# Exercise requirements
Could you output each record below exactly as it stands and leave the pictures out?

# Input data
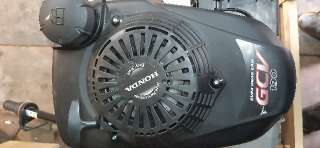 Фото: Лодочный водомётный мотор Кальмар-5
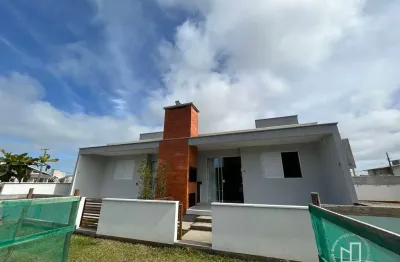 Casa com 2 quartos à venda em Itapirubá, Laguna 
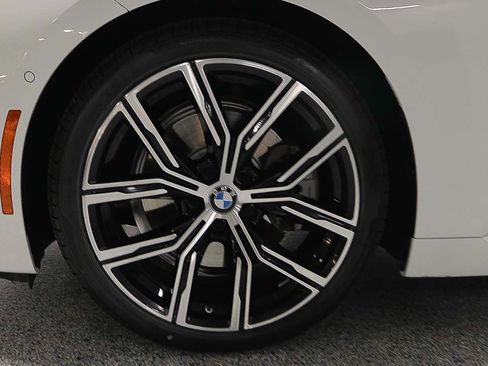 Certified 2024 BMW 230i Coupe w/ Convenience Package image 5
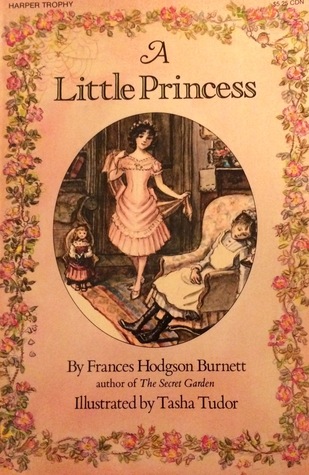 A Little Princess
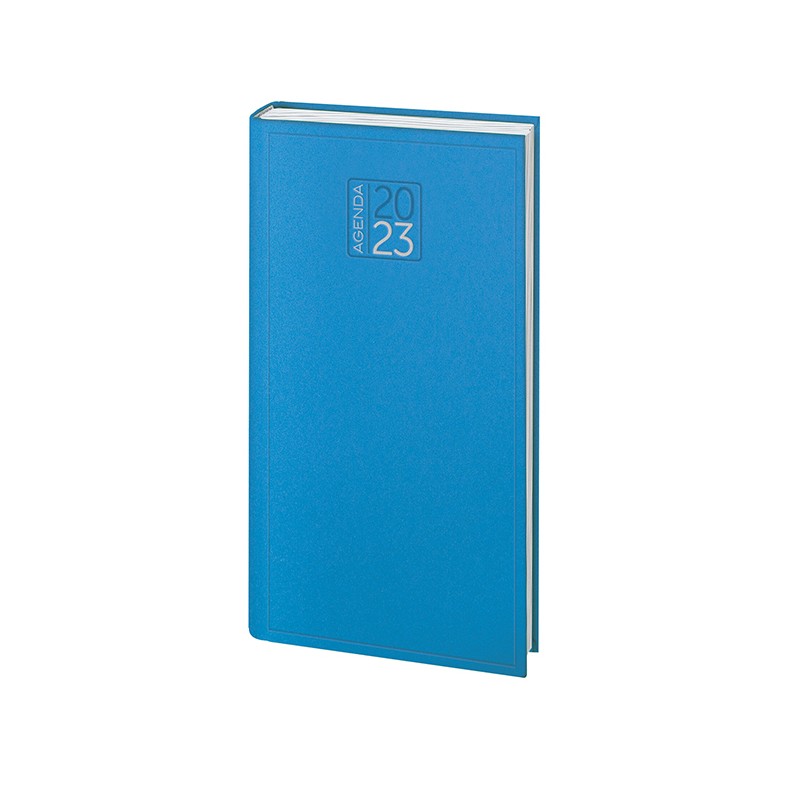 Agenda Settimanale 8x15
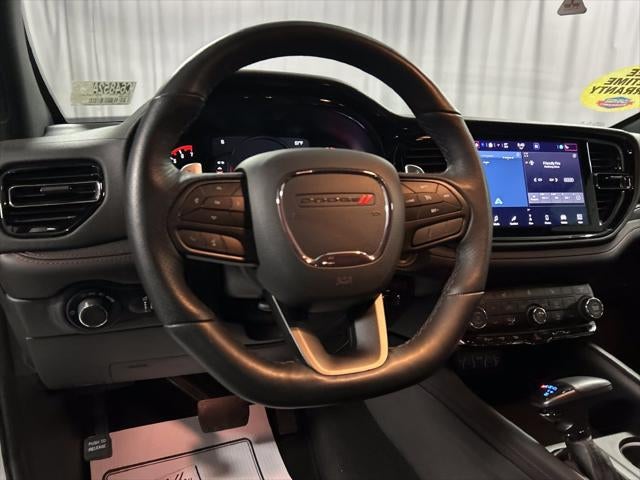 2025 Dodge Durango GT AWD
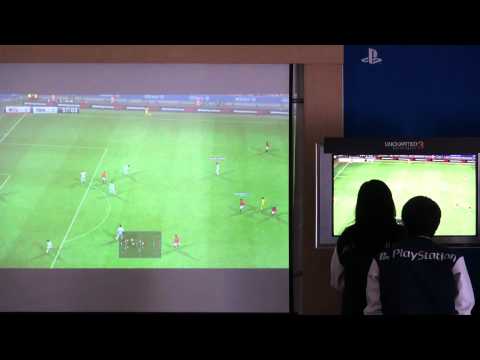 2011 PGC - WE 2012 Training Program, Part : 3/3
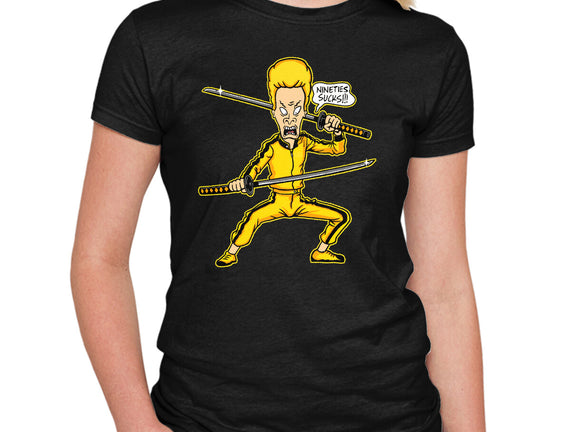 Kill Beavis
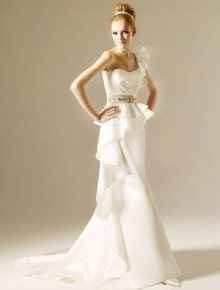 Re: Did anyone buy an online dress with great results??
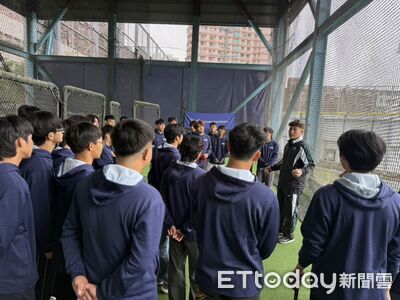 林泓育棒球教室談低潮解方！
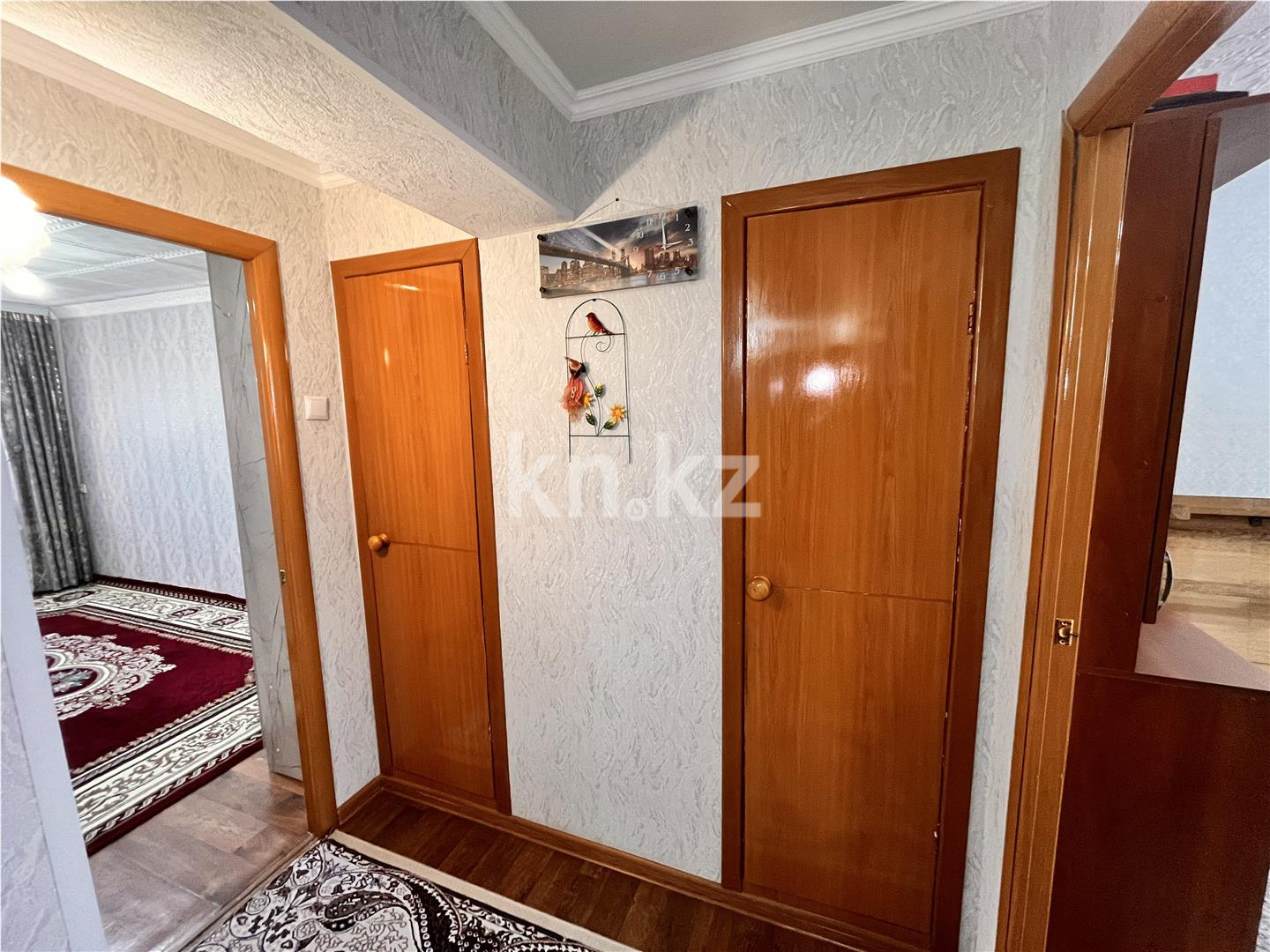 Продажа 3-комнатной квартиры, 58 м² в Темиртау - фото 6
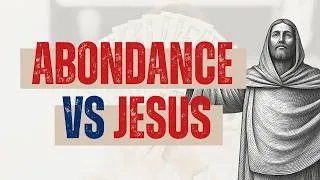 Miniature : Jésus est-il compatible avec la Loi de l'attraction? | Bible & Foi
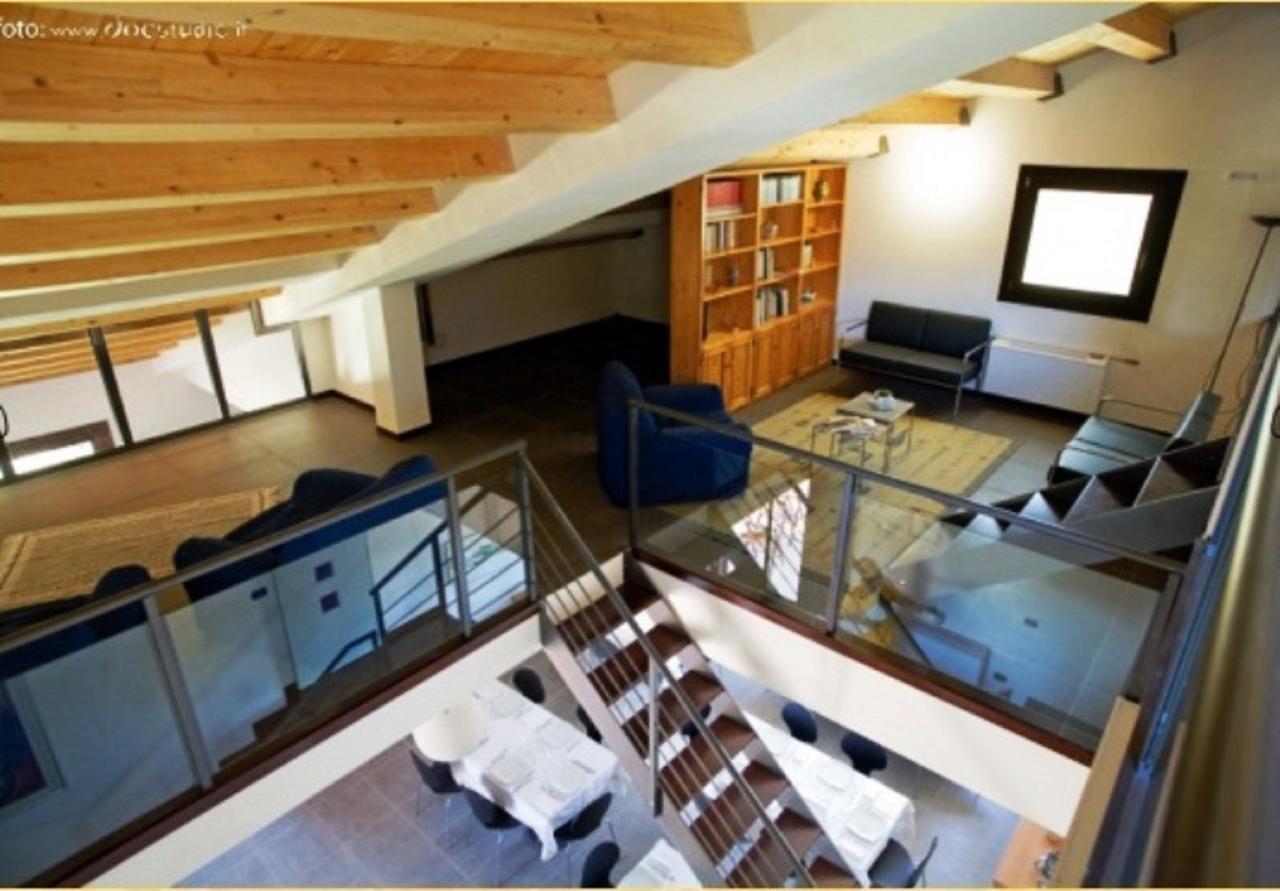 Casa Vacanze Modicarte Екстер'єр фото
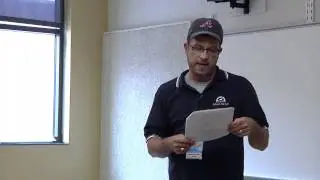 David McGrath: Setting Students up for Success - Part 2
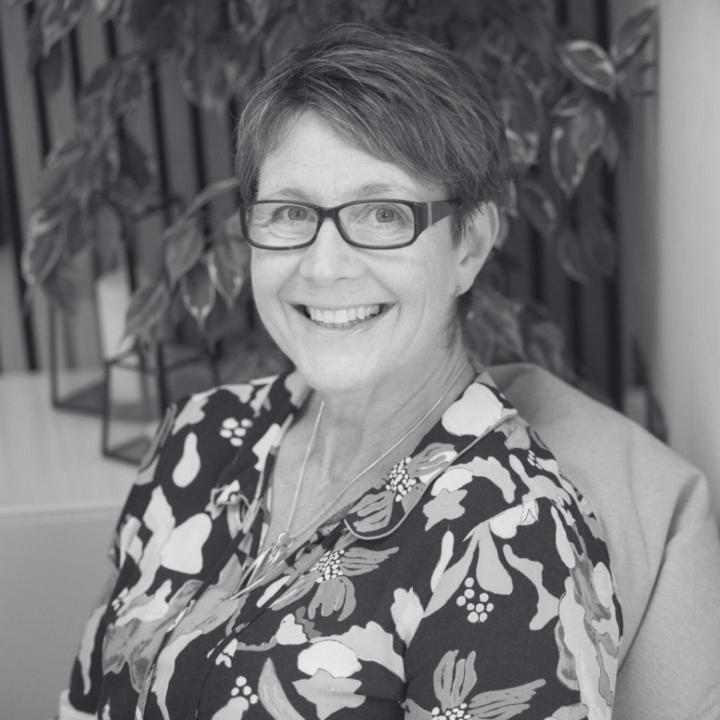 Sue Thomas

# Completed task
 Фото: Лодочный водомётный мотор Кальмар-5
 Casa com 2 quartos à venda em Itapirubá, Laguna 
 Certified 2024 BMW 230i Coupe w/ Convenience Package image 5
 A Little Princess
 Agenda Settimanale 8x15
 2025 Dodge Durango GT AWD
 2011 PGC - WE 2012 Training Program, Part : 3/3
 Kill Beavis
 Re: Did anyone buy an online dress with great results??
 林泓育棒球教室談低潮解方！
 Продажа 3-комнатной квартиры, 58 м² в Темиртау - фото 6
 Miniature : Jésus est-il compatible avec la Loi de l'attraction? | Bible & Foi
 Casa Vacanze Modicarte Екстер'єр фото
 David McGrath: Setting Students up for Success - Part 2
 Sue Thomas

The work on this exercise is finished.